The existence of copies will cause copy synchronization problems
Kafka maintains an available replica list (ISR) in all allocated replicas (AR). When the Producer sends a message to the Broker, it will determine how many replicas need to wait for the message to be synchronized based on the ack
configuration. Only if it succeeds, the Broker will internally use the ReplicaManager
service to manage the data synchronization between the flower and the leader.
On the one hand, since different Partitions can be located on different machines, you can make full use of the advantages of the cluster to achieve parallel processing between machines. On the other hand, since Partition physically corresponds to a folder, even if multiple Partitions are located on the same node, different Partitions on the same node can be configured to be placed on different disk drives to achieve parallel processing between disks. Take full advantage of multiple disks.
The files in each partition directory of Kafka are evenly cut into equal sizes (the default file size is 500 MB, which can be Manually set) data file, Each data file is called a segment file, and each segment uses append to append data.
How does Kafka ensure high availability?
Ensure high availability of data through replicas, producer ack, retry, automatic Leader election, Consumer self-balancing
Kafka’s delivery semantics?
Delivery semantics generally include
at least once
,at most once
andexactly once
. Kafka implements the first two through ack configuration.
What does Replic do?
Achieve high availability of data
What are AR and ISR?
AR: Assigned Replicas. AR is the set of replicas allocated when the partition is created after the topic is created. The number of replicas is determined by the replica factor. ISR: In-Sync Replicas. A particularly important concept in Kafka refers to the set of replicas in AR that are synchronized with the Leader. The replica in the AR may not be in the ISR, but the Leader replica is naturally included in the ISR. Regarding ISR, another common interview question is how to determine whether a copy should belong to an ISR. The current judgment is based on whether the time when the Follower replica's LEO lags behind the Leader's LEO exceeds the value of the Broker-side parameter replica.lag.time.max.ms. If exceeded, the replica is removed from the ISR.
What are Leader and Flower?
What does HW stand for in Kafka?
High watermark. This is an important field that controls the scope of the message that the consumer can read. An ordinary consumer can only "see" all messages on the Leader replica between Log Start Offset and HW (exclusive). Messages above the water level are invisible to consumers.
What has Kafka done to ensure superior performance?

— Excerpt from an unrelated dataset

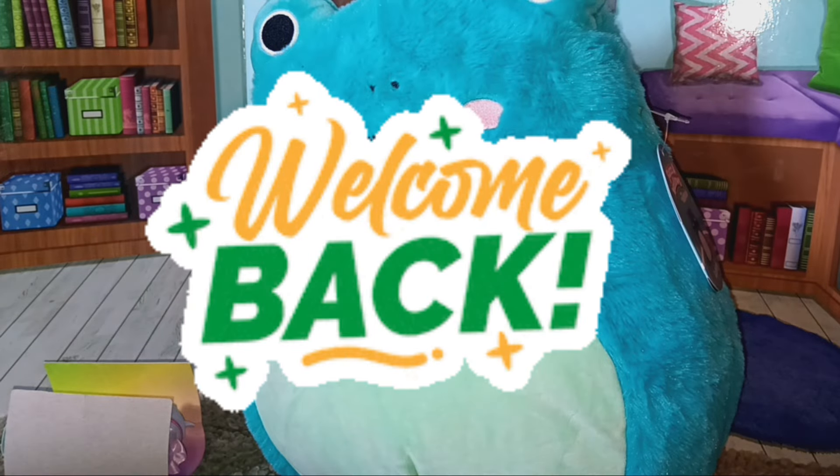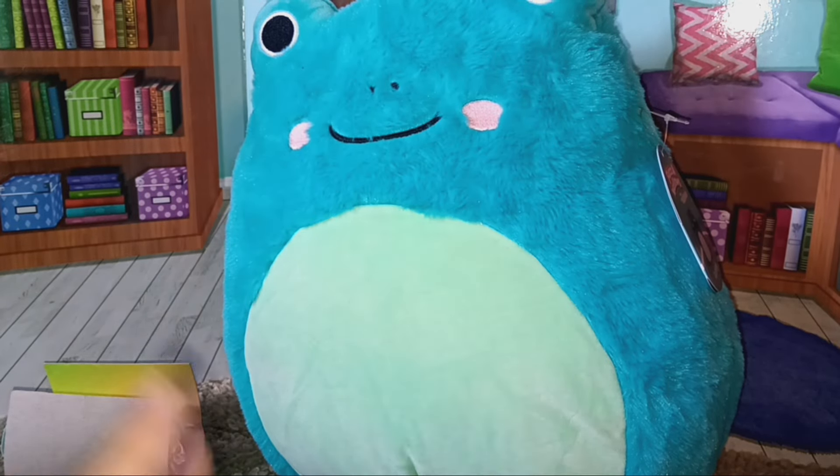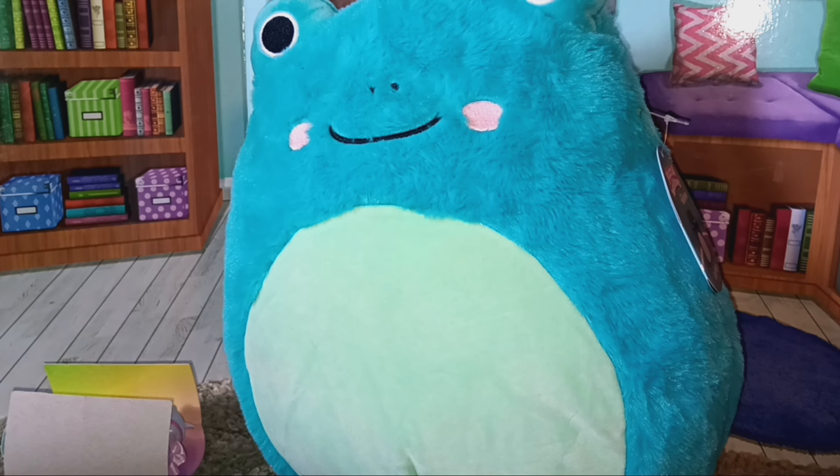Hello and welcome to a very small Squishmallow haul. This video was initially intended for next week, but I'm posting a lot of American Girl content and I feel like it's best to put the Tiny Tux bonus episode in that slot. That way it's not like six days in a row of American Girl — I feel like that could be a bit much for some of y'all, so I'm just tapering it out a bit.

Partition concurrency, sequential reading and writing to disk, page cache compression, high-performance serialization (binary), memory mapping lock-free offset management, Java NIO model
This article does not go into the implementation details and source code analysis of Kafka, but Kafka is indeed an excellent open source system. Many elegant architectural designs and source code designs are worth learning. It is highly recommended that interested students go more in-depth. Getting to know this open source system will be of great help to your own architectural design capabilities, coding capabilities, and performance optimization.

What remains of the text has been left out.